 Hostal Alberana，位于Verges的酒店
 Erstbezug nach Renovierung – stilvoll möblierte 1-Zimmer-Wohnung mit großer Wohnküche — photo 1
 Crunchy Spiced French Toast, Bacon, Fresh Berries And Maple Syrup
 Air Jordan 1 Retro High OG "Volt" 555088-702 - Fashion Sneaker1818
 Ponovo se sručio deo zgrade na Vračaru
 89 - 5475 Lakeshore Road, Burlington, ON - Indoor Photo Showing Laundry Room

---

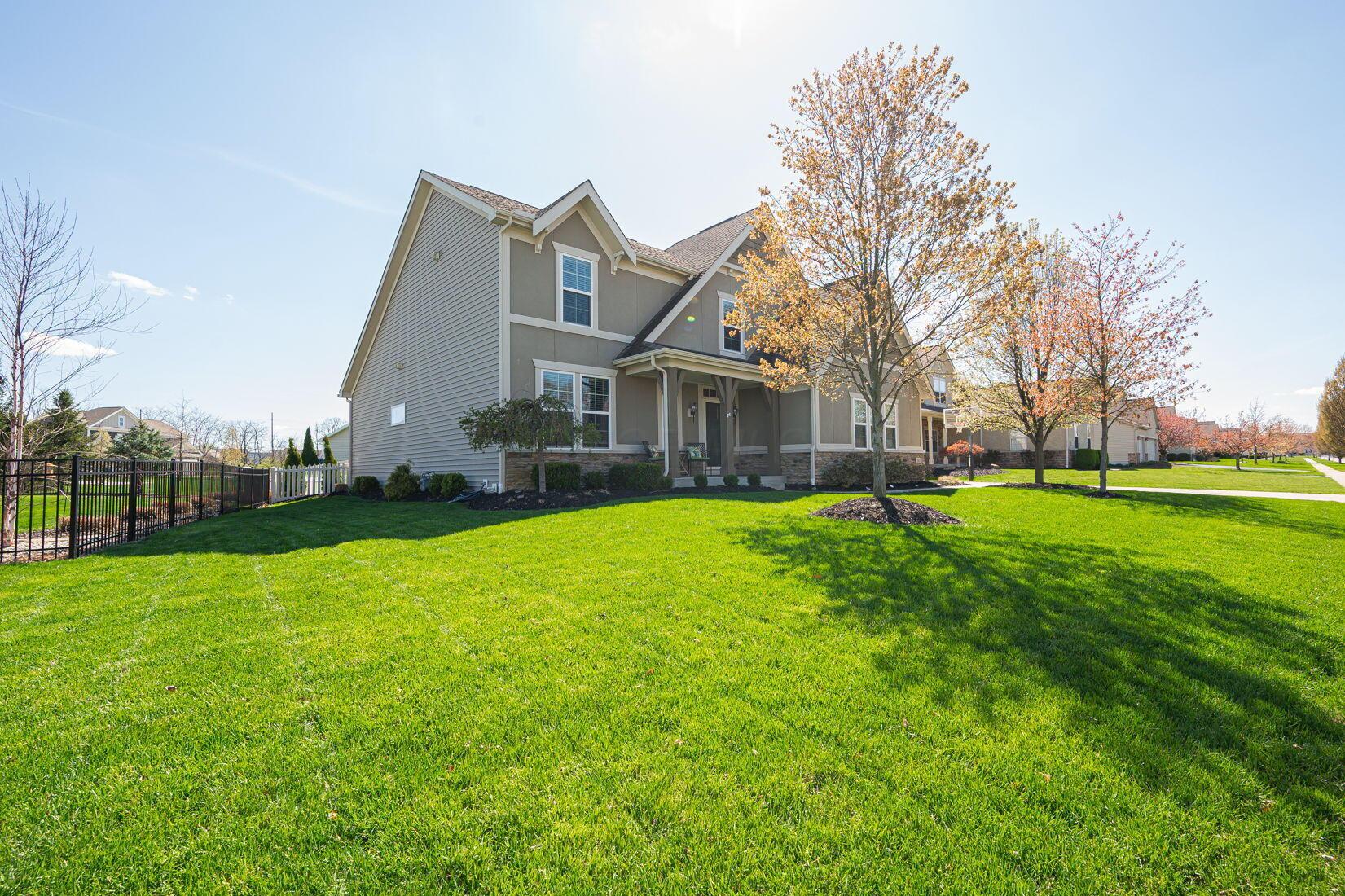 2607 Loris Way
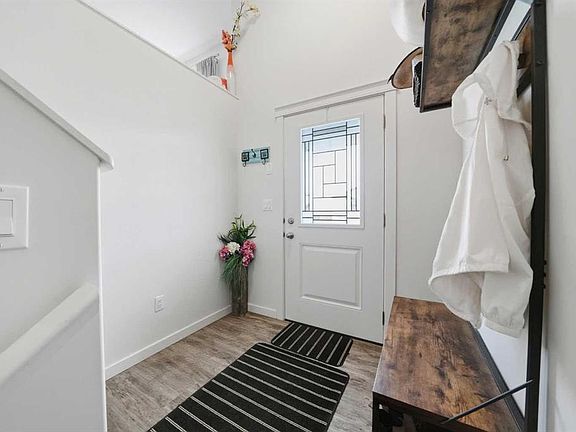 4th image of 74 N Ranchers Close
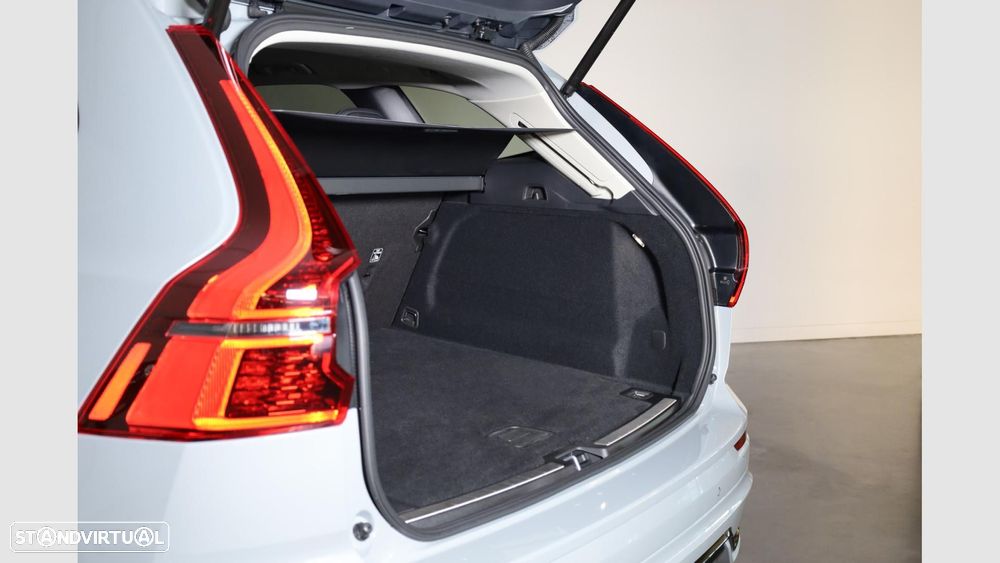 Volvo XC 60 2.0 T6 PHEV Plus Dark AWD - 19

---

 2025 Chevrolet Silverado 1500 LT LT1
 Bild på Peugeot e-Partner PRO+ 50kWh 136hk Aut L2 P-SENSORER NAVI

* TASK DESCRIPTION
Your reply is to be an exact repeat of the listing above from the line holding "2607 Loris Way" down to the line holding "Volvo XC 60 2.0 T6 PHEV Plus Dark AWD - 19", ends included, pictures excluded.

* COMPLETED EXERCISE
 2607 Loris Way
 4th image of 74 N Ranchers Close
 Volvo XC 60 2.0 T6 PHEV Plus Dark AWD - 19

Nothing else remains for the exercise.